JH - Consideraria o programa “A Grande Chance”, apresentado por Flávio Cavalcanti, um dos maiores reveladores de talentos de todos os tempos na televisão brasileira. Muitos dos grandes nomes da MPB de hoje, tiveram sua primeira oportunidade nesse programa da TV Tupi. Alguns deles: Armandinho (A Cor do Som), Alcione, Leci Brandão, Emilio Santiago, entre muitos outros. Em 1979 a emissora promoveu um grande Festival de MPB, onde despontaram talentos como Oswaldo Montenegro que defendeu a música Bandolins, os gaúchos Kleiton & Kledir (Maria Fumaça), Alceu Valença (Coração Bobo), Raimundo Fagner (Quem Me Levará Sou Eu).
BLITZ – E na área da teledramaturgia, relacione algumas novelas produzidas pela Rede Tupi.

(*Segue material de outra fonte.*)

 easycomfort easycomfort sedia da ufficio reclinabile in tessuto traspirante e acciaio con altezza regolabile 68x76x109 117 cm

JH - Foram bem mais de 100 novelas produzidas pela emissora ao longo de seus quase trinta anos de existência. Quase todos os grandes atores e atrizes surgidos até o final dos anos 70 na televisão Brasileira participaram de alguma obra de teledramaturgia da TV Tupi. Algumas novelas que me ocorrem no momento: Antonio Maria (1968/69), Beto Rockefeller (1968/69), Super Plá (1969/1970), Bel Ami (1972), A Viagem (1975-76), Tchan! A Grande Sacada (1976/77), O Profeta (1977/78), Cinderela 77 (1977).

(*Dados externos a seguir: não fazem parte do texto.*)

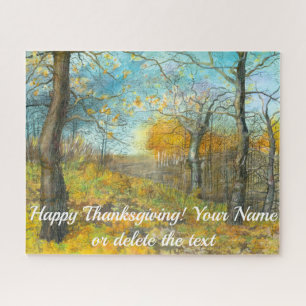 Golden Herbst in einem Eichenhain Aquarell Puzzle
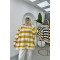 Thick Striped Oversize Sweatshirt Oil Green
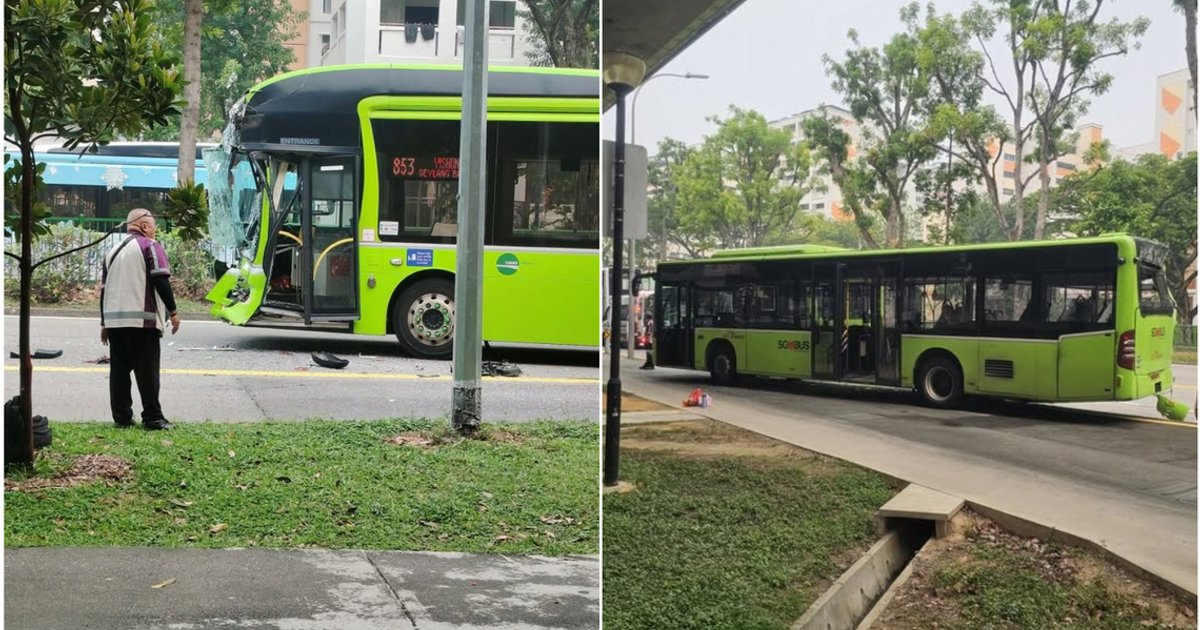 Three Hospitalised After Three Public Buses Collide in Yishun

(Palhaço Carequinha, uma das principais atrações infantis da emissora / )
BLITZ - Você se recorda de alguma gafe memorável ou alguma situação engraçada que tenha presenciado em sua passagem pela televisão?
JH - Falando do tempo em que a teledramaturgia era ainda feita ao vivo, lembro de um fato bastante hilariante. Em certa ocasião quando foi dramatizada a “Descoberta do Brasil”, na hora em que Cabral avistava a terra, o contra-regra estava escalado para soltar uma pomba que deveria sobrevoar o cenário. Mas o que aconteceu foi que contra-regra, acidentalmente soltou a pomba antes da hora e ela foi com tudo em direção ao rosto do “Cabral”, que num reflexo de décimo de segundo tirou o rosto da reta, por pouco não sendo atingido pela ave. Mais engraçada que a situação em si, foi ver a expressão perplexa do rosto do ator diante das câmeras naquele momento. (Risos)

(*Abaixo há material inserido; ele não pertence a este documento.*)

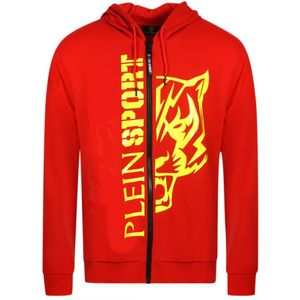 Plein Sport Grote Gele Logo Rode Hoodie Met Rits - Maat L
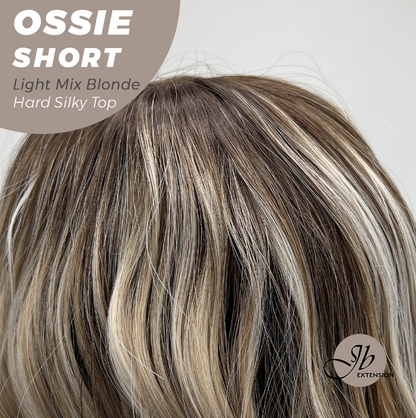 JBEXTENSION 14 Inches Scalpiana Wave Light Mix Blonde 3.5X4 Hard Silky Top Natural Scalp Effect Wig with Bangs OSSIE SHORT - LIGHT MIX BLONDE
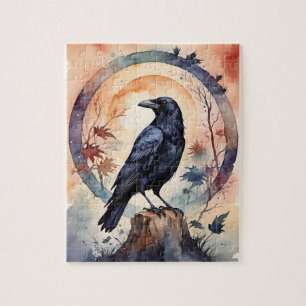 Magical Raven Sunset Fantasy Fall Forest Jigsaw Puzzle
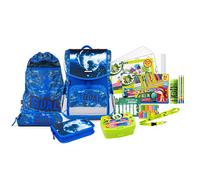 Jolly Schultaschenset - Ergonomic Flexi, 46-Teilig, inkl. Turnbeutel, Schüttelpennal und Federpennal, höhenverstellbarer Rücken mit Push-System, an Kindergröße anpassbar, Blau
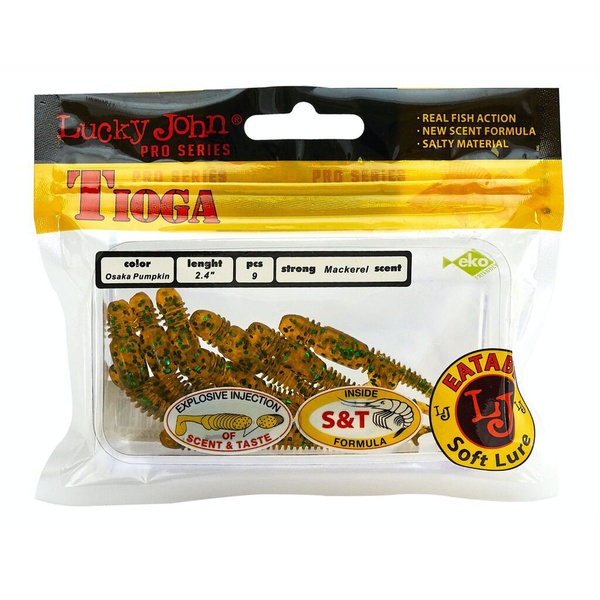 Виброхвосты съедобные Lucky John Pro Series Tioga 2.4" (6,2см) 9шт PA19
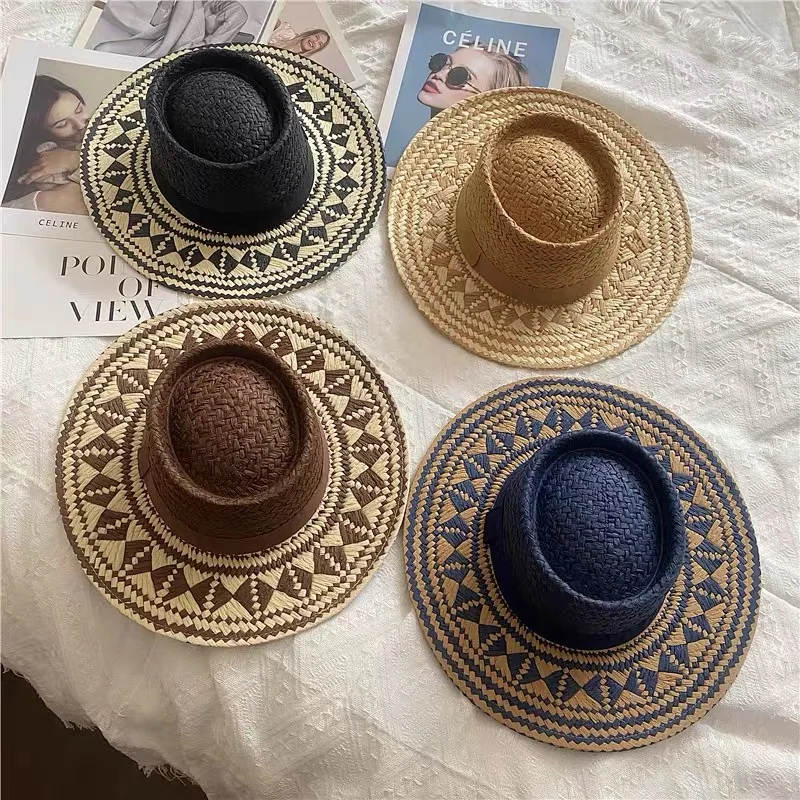 Vintage Fashion Summer Boho Style Casual Handmade Wide Brim Sun Hat For Women And Men Caps Vacation Beach Sun Hat Designer Hats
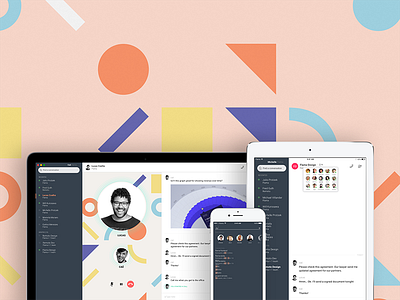 Communication App app communication design desktop fun geometric ios minimalist modernist product ui ux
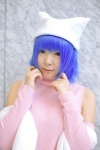 blue_hair cat_hat cosplay detached_sleeves kitazato_shigure natsume_megumi snow_(game) sweater turtleneck rating:Safe score:0 user:nil!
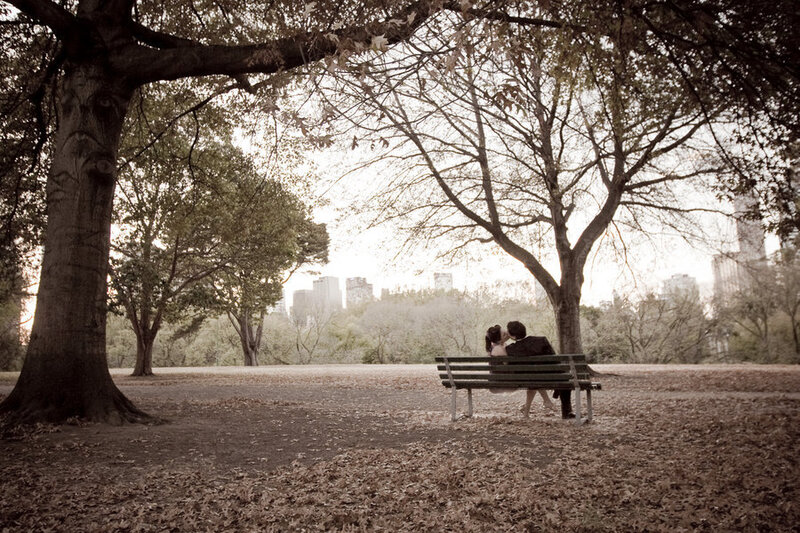 Couple on a park bench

BLITZ – No começo da crise da emissora, ainda nos anos 70, teve um momento onde você foi uma peça fundamental para por a “casa em ordem”. Como foi que isto se deu?
JH – Em 1974 a Tupi do Rio estava com problemas de atrasos salariais dos funcionários de alguns meses, e então a Tupi de São Paulo assumiu a cabeça de rede. Muitos equipamentos foram enviados da Tupi do Rio para a de São Paulo. Como eu editava os VT´s num TR 70 que era um equipamento novo, e São Paulo precisava de novos editores, fui um tempo para lá. Quando lá cheguei as novelas Barba Azul (de Ivani Ribeiro), Ídolo de Pano (de Teixeira Filho) e O Machão (de Sérgio Jockyman com argumento de Ivani Ribeiro), estavam até reprisando os capítulos já veiculados por falta de pessoal habilitado para fazer as edições dos capítulos seguintes naquele novo equipamento. O que complicava mais ainda as coisas é que na época a geração de sinal via satélite pela Embratel entre Rio e São Paulo era bastante deficiente, e sobretudo cara. Ficar repetindo geração de programas era complicado. Então essa foi uma solução paliativa que a direção da emissora encontrou até que tudo voltasse à normalidade. Dessa forma, foi possível colocar a edição das telenovelas em dia e regularizar novamente a programação levada ao telespectador. E uma curiosidade sobre essas telenovelas que acabei de citar. O Machão até hoje foi a terceira telenovela de maior duração na TV Brasileira. Teve nada menos que 371 capítulos. Parte dela foi feita em preto e branco e o restante em cores, já no período em que passei a usar os novos equipamentos de edição. Outra curiosidade: A Gata Comeu, que já recebeu duas versões por parte da Globo não é nada mais, nada menos que um remake da novela Barba Azul.
Epílogo: Os Diários Associados ganharam na Justiça em 1998 ação indenizatória contra o Governo Federal, e terão de ser indenizados pela intervenção que resultou na perda de 5 dos 7 canais das Emissoras Associadas, que não enfrentavam dificuldades financeiras na época.